» Data to use:
___

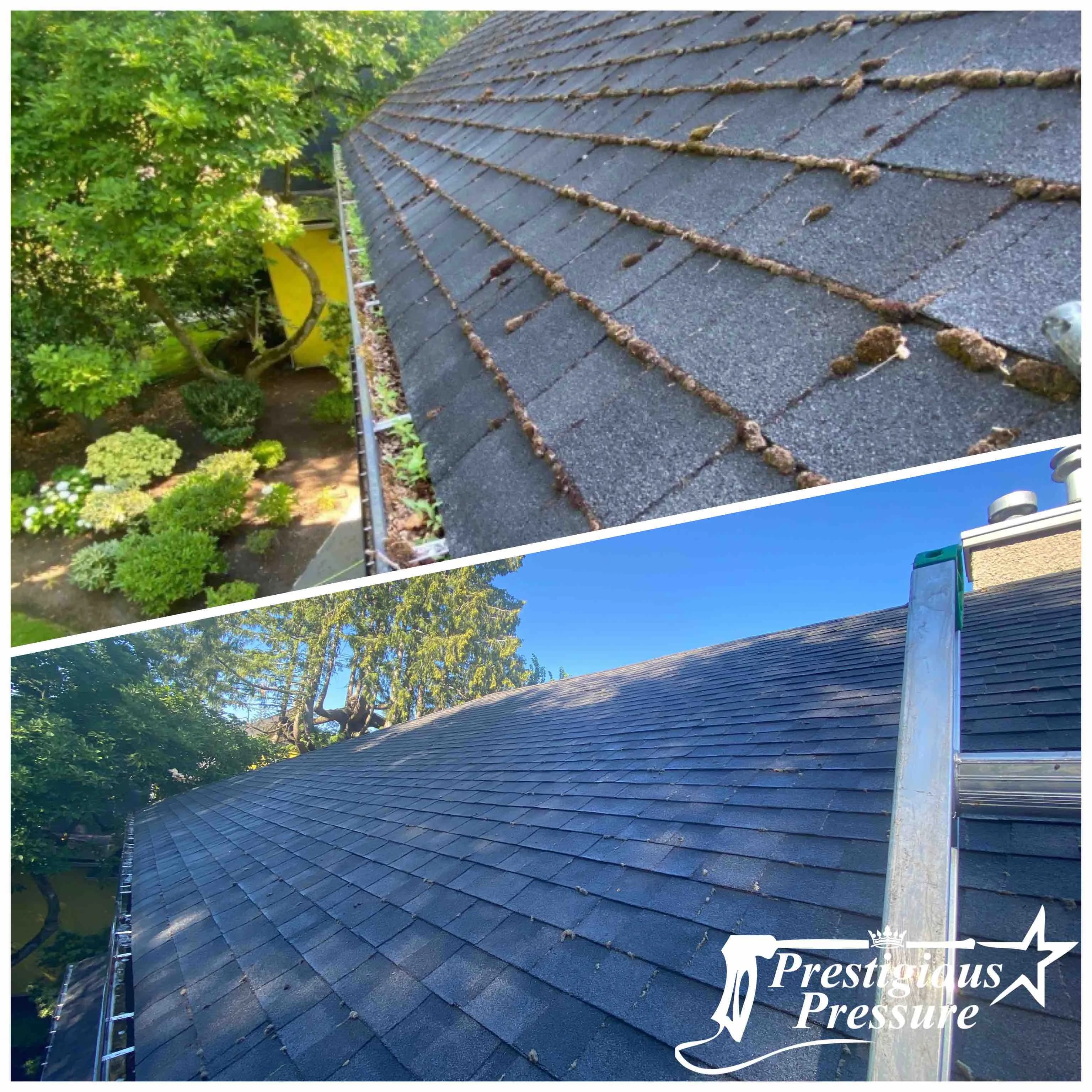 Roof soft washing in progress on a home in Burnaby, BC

___

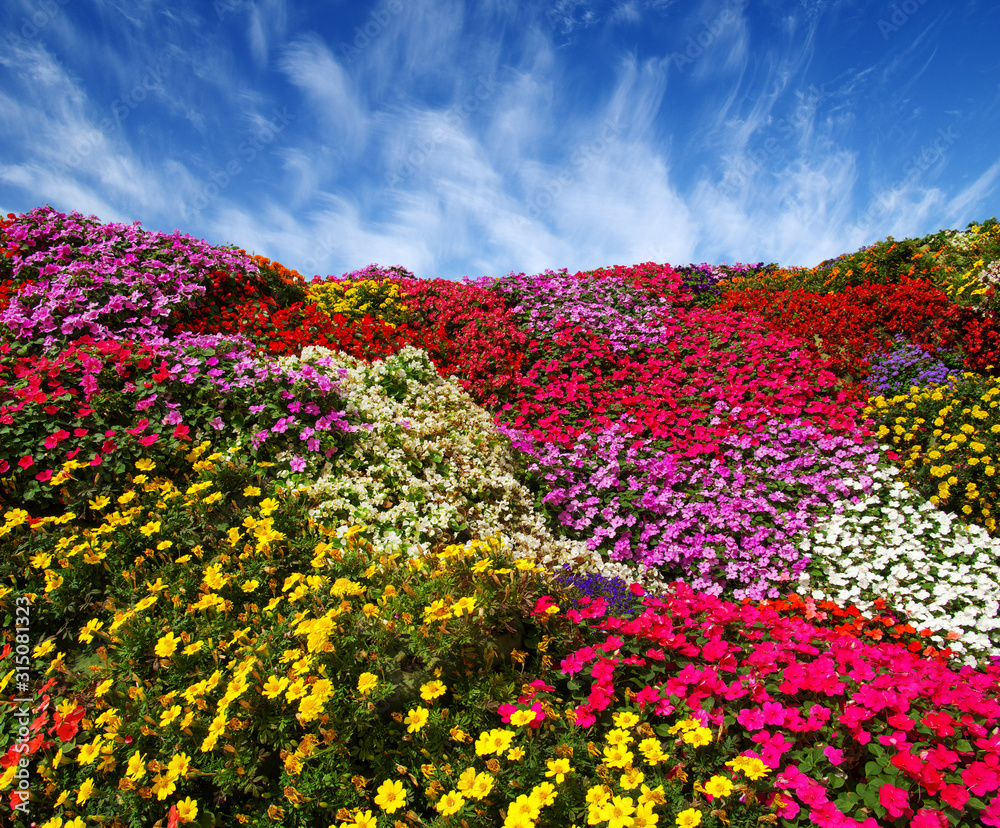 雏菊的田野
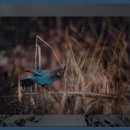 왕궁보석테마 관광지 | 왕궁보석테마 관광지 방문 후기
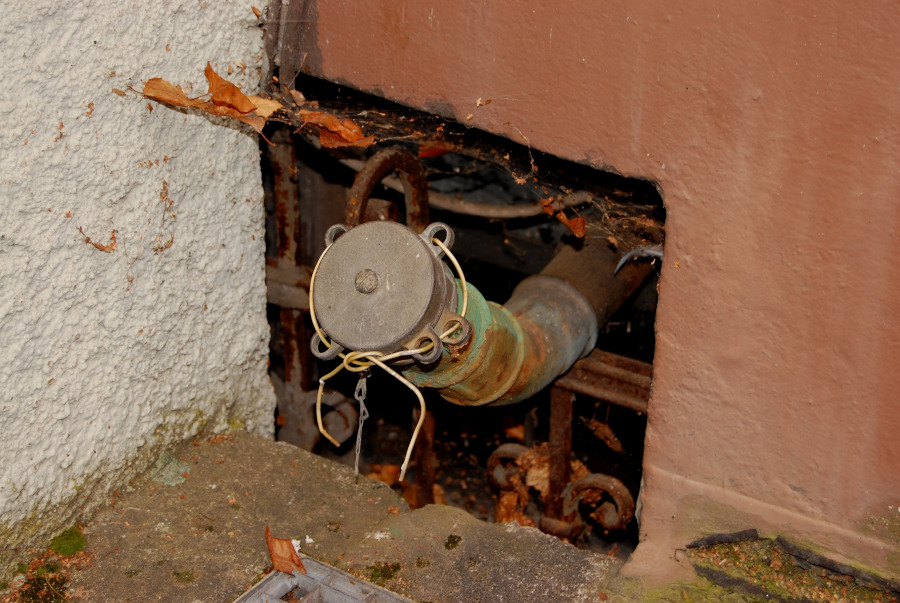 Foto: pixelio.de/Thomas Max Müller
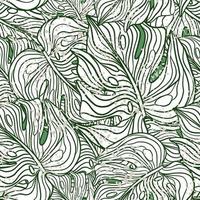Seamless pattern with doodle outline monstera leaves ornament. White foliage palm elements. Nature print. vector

___

» What needs to be done:
The answer is those lines of the material above that run from the one containing "왕궁보석테마 관광지 | 왕궁보석테마 관광지 방문 후기" up to and including the one containing "Seamless pattern with", restated exactly and without images.

» Answer for this exercise:
 왕궁보석테마 관광지 | 왕궁보석테마 관광지 방문 후기
 Foto: pixelio.de/Thomas Max Müller
Seamless pattern with doodle outline monstera leaves ornament. White foliage palm elements. Nature print. vector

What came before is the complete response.